→ What to do:
Among the entries below, extract exactly the lines that run from the one with "2017 N Quaker" through the one with "Esschert Design Drahtkörbe", both ends included.

→ Provided records:
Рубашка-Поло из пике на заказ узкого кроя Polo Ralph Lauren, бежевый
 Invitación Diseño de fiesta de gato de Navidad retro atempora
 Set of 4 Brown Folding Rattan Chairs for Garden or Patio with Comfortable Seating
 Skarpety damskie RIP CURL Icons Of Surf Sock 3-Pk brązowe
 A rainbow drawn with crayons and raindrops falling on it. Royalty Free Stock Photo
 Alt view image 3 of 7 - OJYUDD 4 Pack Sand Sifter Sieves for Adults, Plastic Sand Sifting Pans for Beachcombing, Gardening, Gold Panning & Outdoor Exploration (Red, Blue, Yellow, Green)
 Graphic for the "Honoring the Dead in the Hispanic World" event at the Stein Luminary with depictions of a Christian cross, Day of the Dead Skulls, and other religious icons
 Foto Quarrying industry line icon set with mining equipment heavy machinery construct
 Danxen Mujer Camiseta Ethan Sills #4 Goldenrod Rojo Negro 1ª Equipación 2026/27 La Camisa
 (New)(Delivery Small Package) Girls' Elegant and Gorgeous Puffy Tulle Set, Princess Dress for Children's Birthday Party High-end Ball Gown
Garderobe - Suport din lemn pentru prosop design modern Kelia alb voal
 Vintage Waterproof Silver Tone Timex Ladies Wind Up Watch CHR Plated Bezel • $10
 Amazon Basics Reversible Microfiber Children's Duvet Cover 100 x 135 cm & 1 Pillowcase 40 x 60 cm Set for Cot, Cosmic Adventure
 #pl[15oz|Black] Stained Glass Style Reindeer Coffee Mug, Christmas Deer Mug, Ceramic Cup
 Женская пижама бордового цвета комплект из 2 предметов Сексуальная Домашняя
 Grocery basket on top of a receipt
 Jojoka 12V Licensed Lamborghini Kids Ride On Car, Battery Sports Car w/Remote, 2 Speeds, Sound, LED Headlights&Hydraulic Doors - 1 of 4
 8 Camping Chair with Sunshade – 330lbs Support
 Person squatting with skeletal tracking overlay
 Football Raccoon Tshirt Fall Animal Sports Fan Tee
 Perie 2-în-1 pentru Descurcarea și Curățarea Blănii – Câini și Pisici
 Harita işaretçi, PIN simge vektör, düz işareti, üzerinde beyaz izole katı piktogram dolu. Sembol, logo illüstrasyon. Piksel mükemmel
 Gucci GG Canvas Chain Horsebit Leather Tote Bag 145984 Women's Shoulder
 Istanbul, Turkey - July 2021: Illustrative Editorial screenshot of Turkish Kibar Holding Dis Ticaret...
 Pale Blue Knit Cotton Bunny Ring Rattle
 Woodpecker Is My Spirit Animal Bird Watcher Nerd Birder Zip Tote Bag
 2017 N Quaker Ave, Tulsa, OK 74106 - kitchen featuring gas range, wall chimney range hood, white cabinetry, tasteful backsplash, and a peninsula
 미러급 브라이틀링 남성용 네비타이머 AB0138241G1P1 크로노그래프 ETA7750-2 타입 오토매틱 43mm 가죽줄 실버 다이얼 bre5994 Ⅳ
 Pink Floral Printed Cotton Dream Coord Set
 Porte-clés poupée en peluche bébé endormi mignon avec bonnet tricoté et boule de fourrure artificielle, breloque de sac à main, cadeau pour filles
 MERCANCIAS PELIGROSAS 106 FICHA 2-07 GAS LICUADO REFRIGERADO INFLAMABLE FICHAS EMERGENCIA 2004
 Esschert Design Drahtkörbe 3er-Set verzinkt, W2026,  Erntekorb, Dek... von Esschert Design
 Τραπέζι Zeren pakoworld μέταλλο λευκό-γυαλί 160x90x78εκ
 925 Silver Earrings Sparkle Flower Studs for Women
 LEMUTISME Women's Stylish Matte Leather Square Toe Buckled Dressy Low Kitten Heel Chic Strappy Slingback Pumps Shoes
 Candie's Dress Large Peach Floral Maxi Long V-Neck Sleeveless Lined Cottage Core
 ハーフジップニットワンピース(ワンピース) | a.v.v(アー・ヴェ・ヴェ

→ Reply:
 2017 N Quaker Ave, Tulsa, OK 74106 - kitchen featuring gas range, wall chimney range hood, white cabinetry, tasteful backsplash, and a peninsula
 미러급 브라이틀링 남성용 네비타이머 AB0138241G1P1 크로노그래프 ETA7750-2 타입 오토매틱 43mm 가죽줄 실버 다이얼 bre5994 Ⅳ
 Pink Floral Printed Cotton Dream Coord Set
 Porte-clés poupée en peluche bébé endormi mignon avec bonnet tricoté et boule de fourrure artificielle, breloque de sac à main, cadeau pour filles
 MERCANCIAS PELIGROSAS 106 FICHA 2-07 GAS LICUADO REFRIGERADO INFLAMABLE FICHAS EMERGENCIA 2004
 Esschert Design Drahtkörbe 3er-Set verzinkt, W2026,  Erntekorb, Dek... von Esschert Design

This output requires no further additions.